> [TASK TO COMPLETE] Leave the images behind and copy every record exactly.

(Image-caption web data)
═══

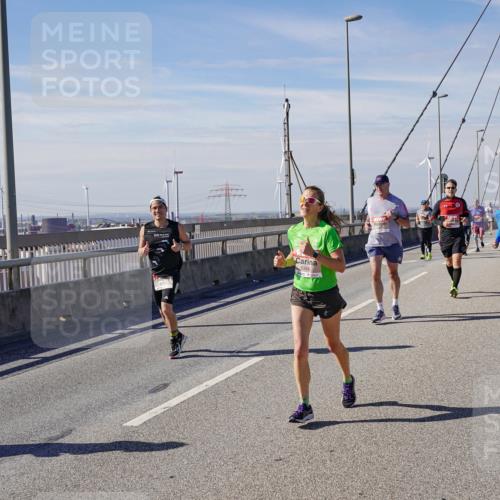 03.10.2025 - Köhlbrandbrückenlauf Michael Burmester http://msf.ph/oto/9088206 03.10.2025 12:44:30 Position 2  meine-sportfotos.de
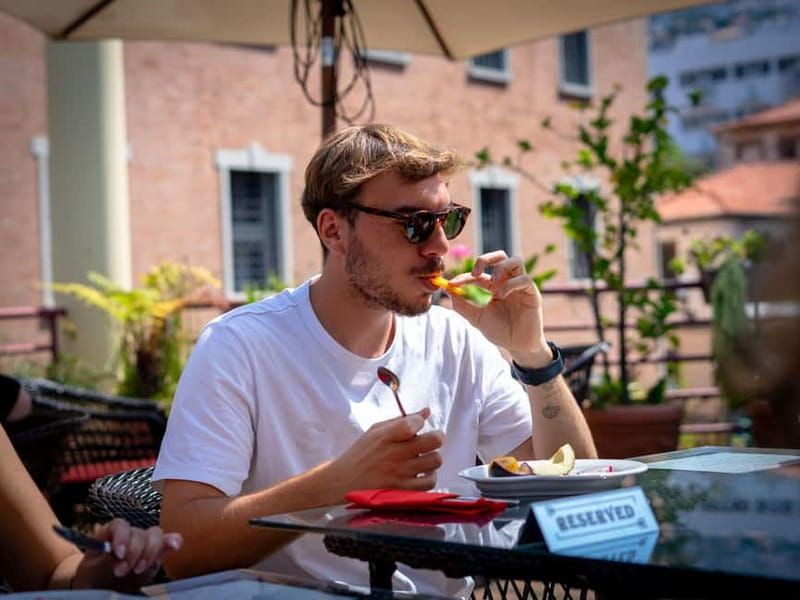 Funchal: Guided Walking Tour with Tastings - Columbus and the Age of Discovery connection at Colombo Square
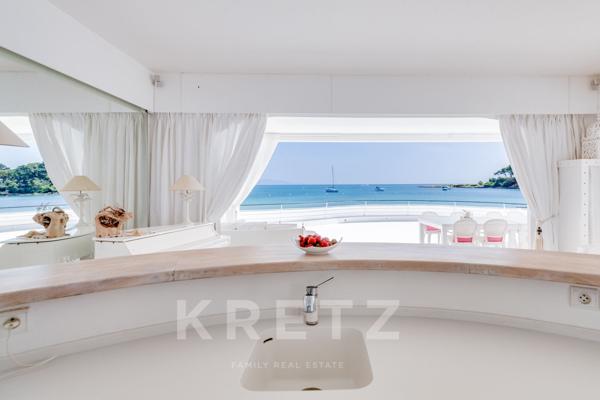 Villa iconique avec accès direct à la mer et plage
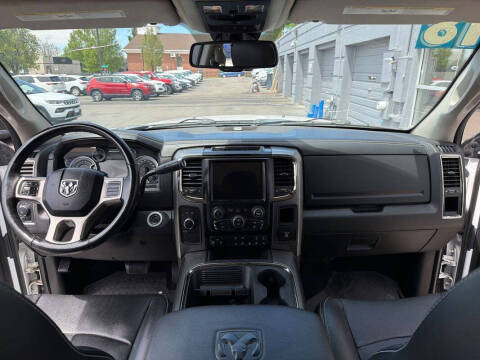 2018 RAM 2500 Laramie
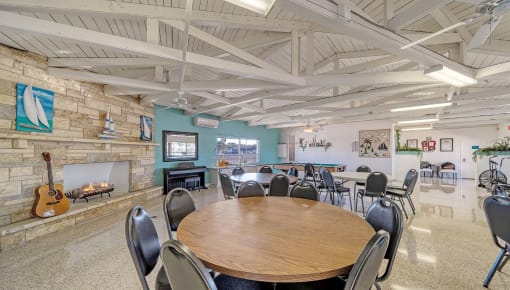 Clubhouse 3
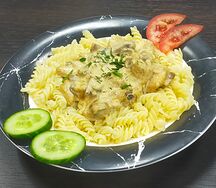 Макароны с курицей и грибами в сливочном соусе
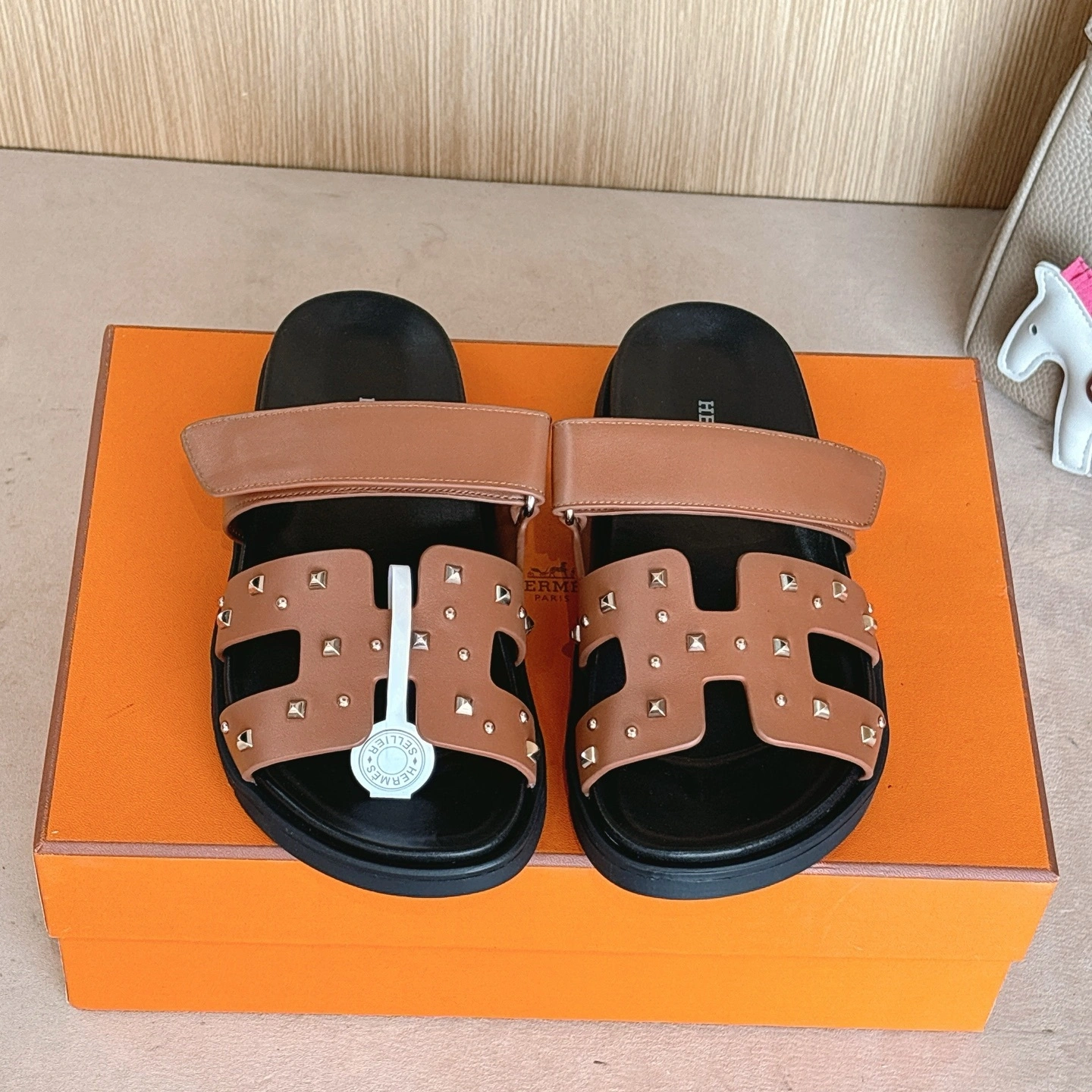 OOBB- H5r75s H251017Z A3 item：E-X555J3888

═══

> [EXERCISE SOLUTION]
 03.10.2025 - Köhlbrandbrückenlauf Michael Burmester http://msf.ph/oto/9088206 03.10.2025 12:44:30 Position 2  meine-sportfotos.de
 Funchal: Guided Walking Tour with Tastings - Columbus and the Age of Discovery connection at Colombo Square
 Villa iconique avec accès direct à la mer et plage
 2018 RAM 2500 Laramie
 Clubhouse 3
 Макароны с курицей и грибами в сливочном соусе
 OOBB- H5r75s H251017Z A3 item：E-X555J3888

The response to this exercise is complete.